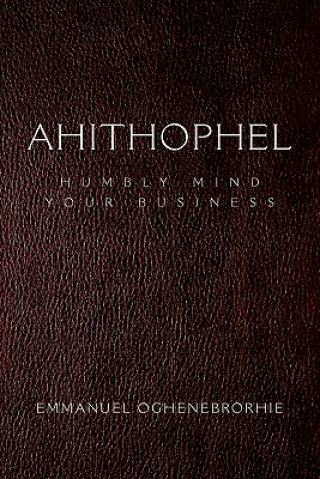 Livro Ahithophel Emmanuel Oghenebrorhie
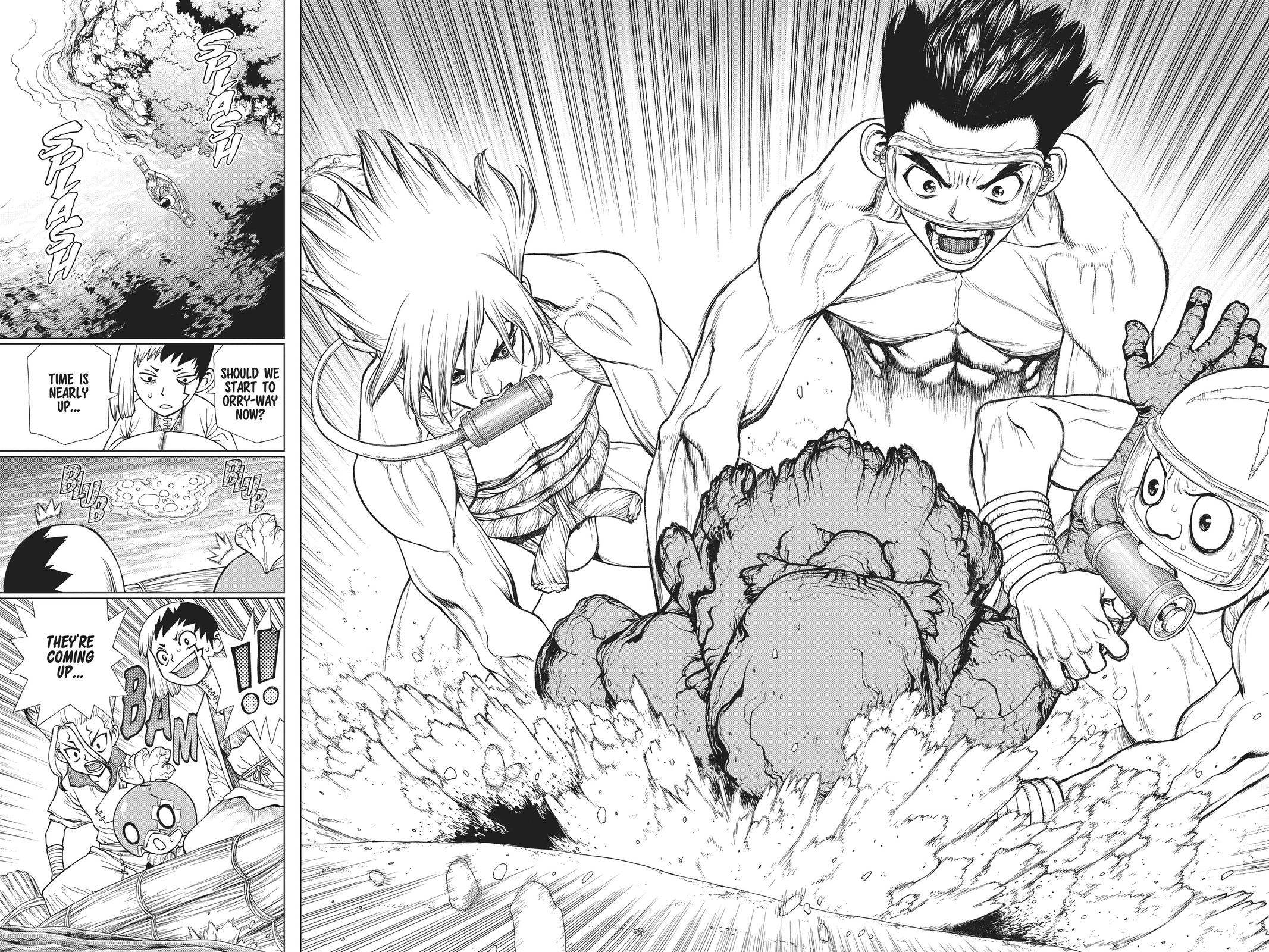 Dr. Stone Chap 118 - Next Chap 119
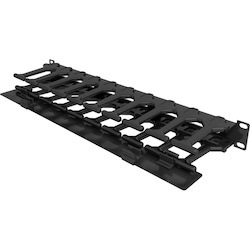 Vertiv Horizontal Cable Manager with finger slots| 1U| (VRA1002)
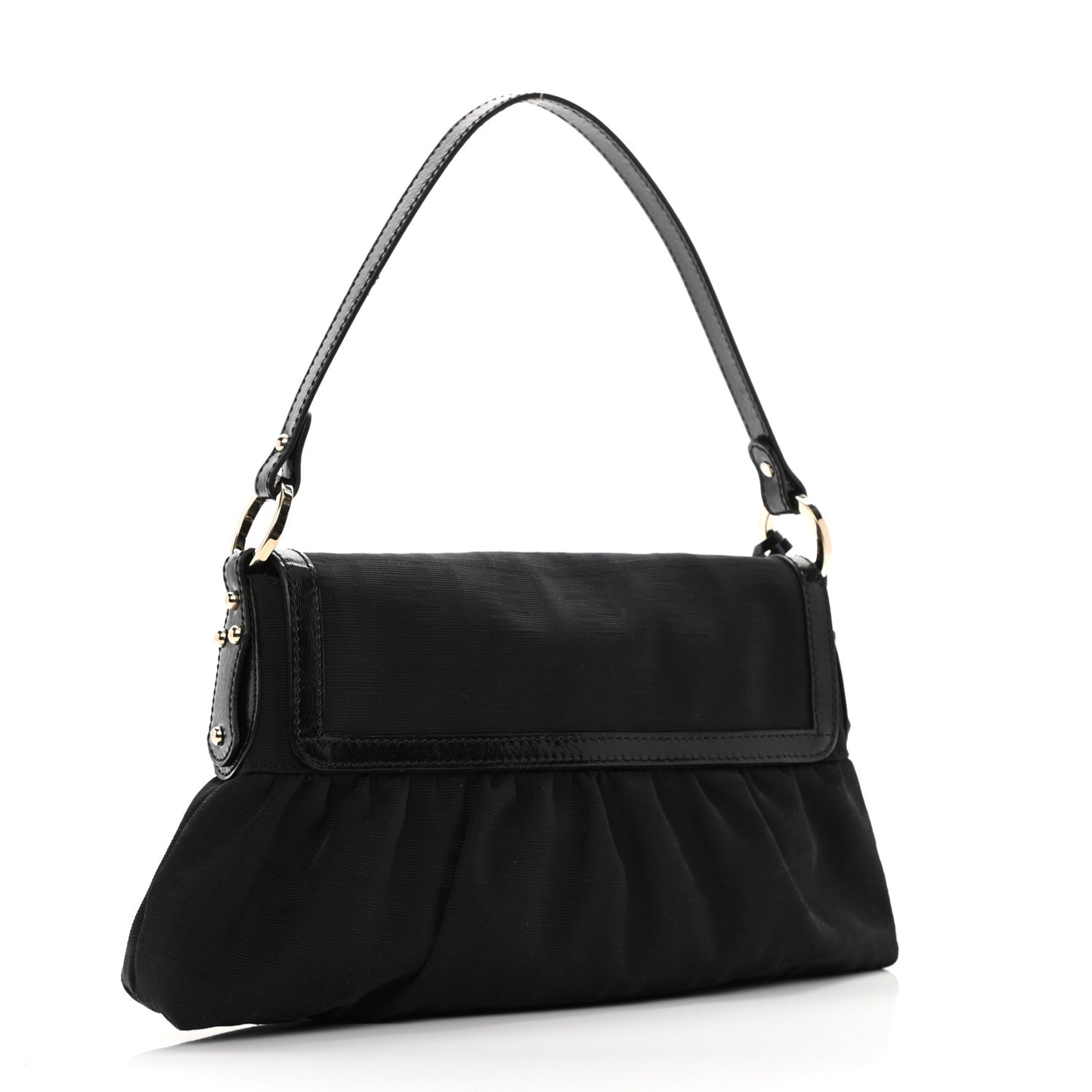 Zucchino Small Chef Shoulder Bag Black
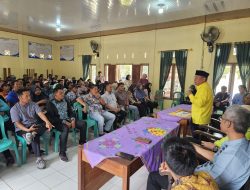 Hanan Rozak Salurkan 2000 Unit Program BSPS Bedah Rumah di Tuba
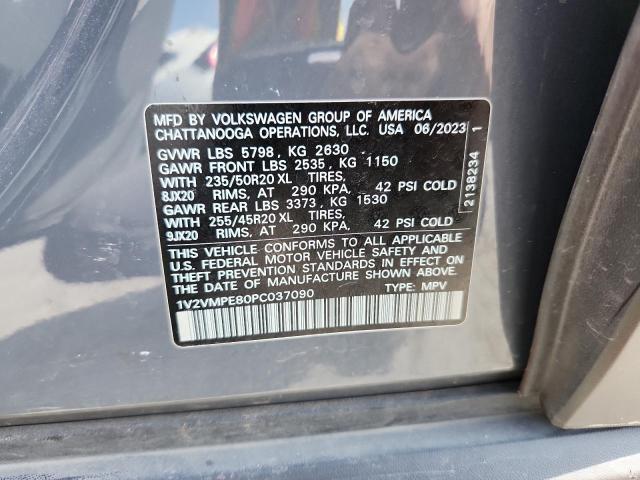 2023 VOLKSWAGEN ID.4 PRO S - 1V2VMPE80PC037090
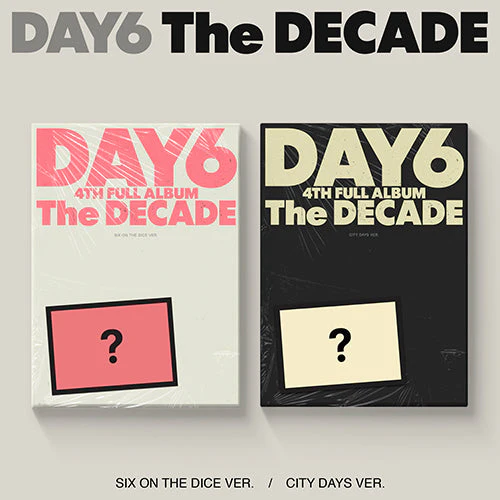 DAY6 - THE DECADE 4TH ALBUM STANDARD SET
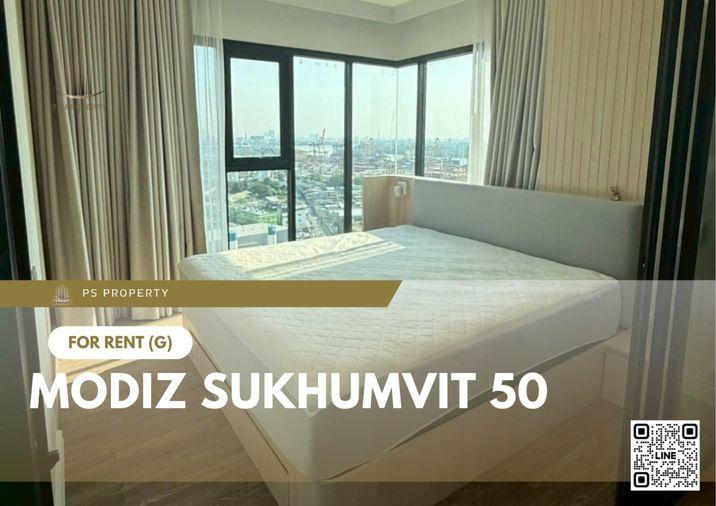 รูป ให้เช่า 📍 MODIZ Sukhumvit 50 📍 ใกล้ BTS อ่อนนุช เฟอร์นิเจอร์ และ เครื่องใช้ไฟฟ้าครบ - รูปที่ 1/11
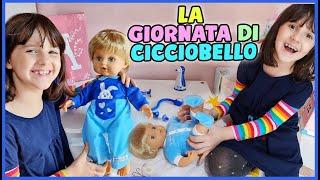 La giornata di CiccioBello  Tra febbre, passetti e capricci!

+===+

- **Task brief**
Everything from the line with "Dr. Stone Chap 118 - Next Chap 119" through the last line above must be repeated exactly, except the pictures.

- **Answer box**
 Dr. Stone Chap 118 - Next Chap 119
 Vertiv Horizontal Cable Manager with finger slots| 1U| (VRA1002)
 Zucchino Small Chef Shoulder Bag Black
 Hanan Rozak Salurkan 2000 Unit Program BSPS Bedah Rumah di Tuba
 2023 VOLKSWAGEN ID.4 PRO S - 1V2VMPE80PC037090
 DAY6 - THE DECADE 4TH ALBUM STANDARD SET
 รูป ให้เช่า 📍 MODIZ Sukhumvit 50 📍 ใกล้ BTS อ่อนนุช เฟอร์นิเจอร์ และ เครื่องใช้ไฟฟ้าครบ - รูปที่ 1/11
 La giornata di CiccioBello  Tra febbre, passetti e capricci!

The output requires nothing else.